I'd add that IMHO It's far nicer to use svn+ssh than http. You don't have to mess about with all the apache setup, permissions, etc etc. The first few repos I set up, I went through the whole apache webdav etc etc painful. Then I found the svn+ssh and use that every time now.

$svn co svn+ssh://myhost/var/svn/repos

Just setup passwordless ssh if you haven't already, and it works like a dream.


I say svn+ssh is perfect for working solo.

It can also work great for a team (multiple ssh keys, one per user, single 'svn' account on the server). That is, until you want to add some authorization/access control--that's a job for Apache + mod_dav + authz.


Good point... Easy (for me) to forget large teams exist ;)


Cheat sheets are great and all, but they don't teach you version control. I think that what we have here is a very difficult topic to grasp for most people, and countless cheat sheets don't make people understand them.

For example, look at how they are telling you to resolve conflicts.

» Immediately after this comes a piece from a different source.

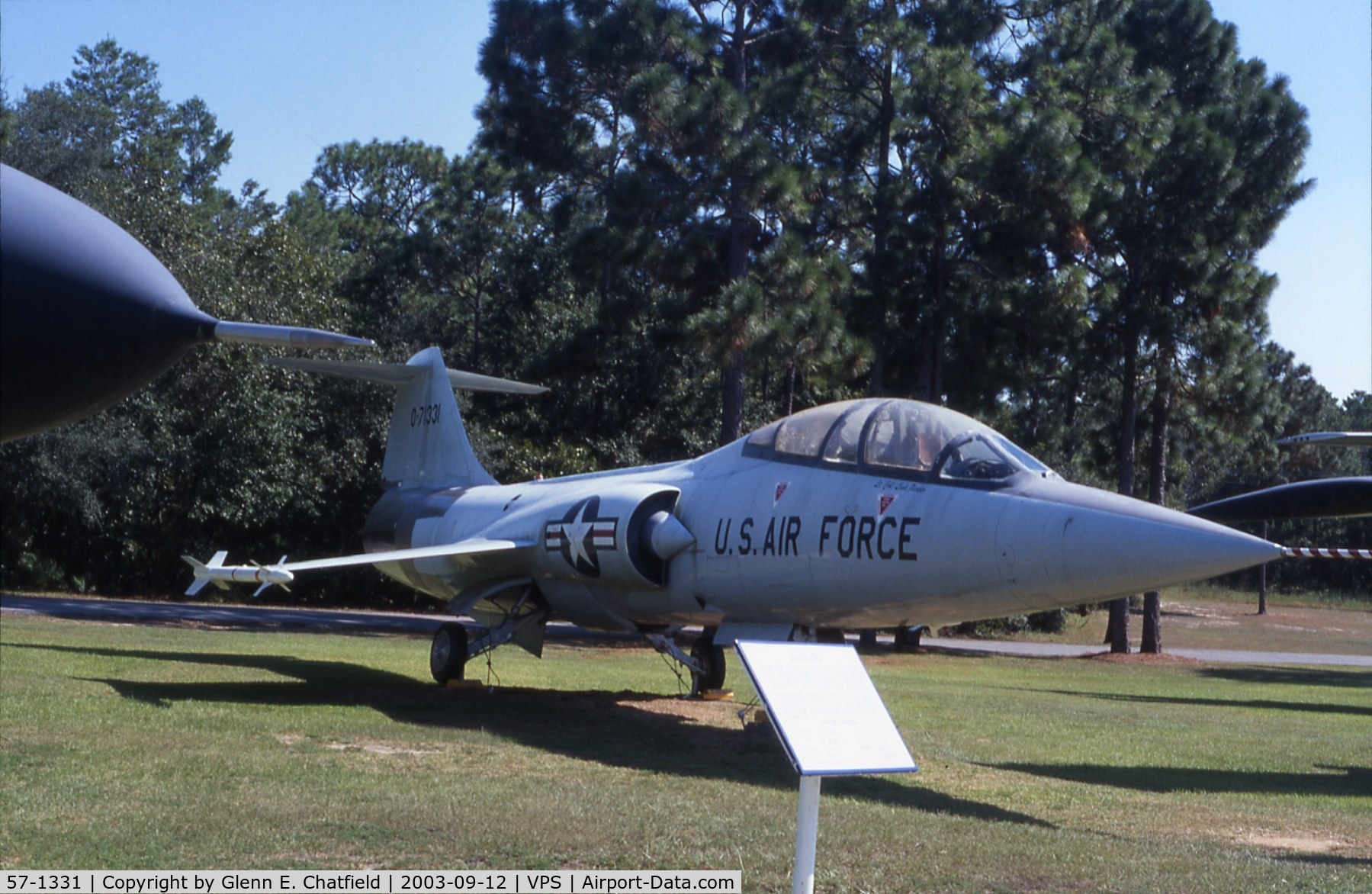 57-1331, Lockheed F-104D Starfighter C/N 483-5043, F-104D at the U.S.A.F. Armament Museum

5.) Resolve Conflicts (Merge Others’ Changes):

    $svn update
    $svn resolved 
Resolving conflicts is almost never that easy, unless it's some white space. Even then you still want to peruse a diff to see what is going on. I know cheat sheets aren't meant as tutorials, but glossing over important stuff like resolving conflicts doesn't really help anybody.


AWESOME-O ! Nice, concise cheat sheet. Wish I'd had this 12 months ago. Thanks for sharing.


you are welcome. It's like scratching my own itch :). I am migrating my code to svn server and was looking for some help and tutorials and found this web page.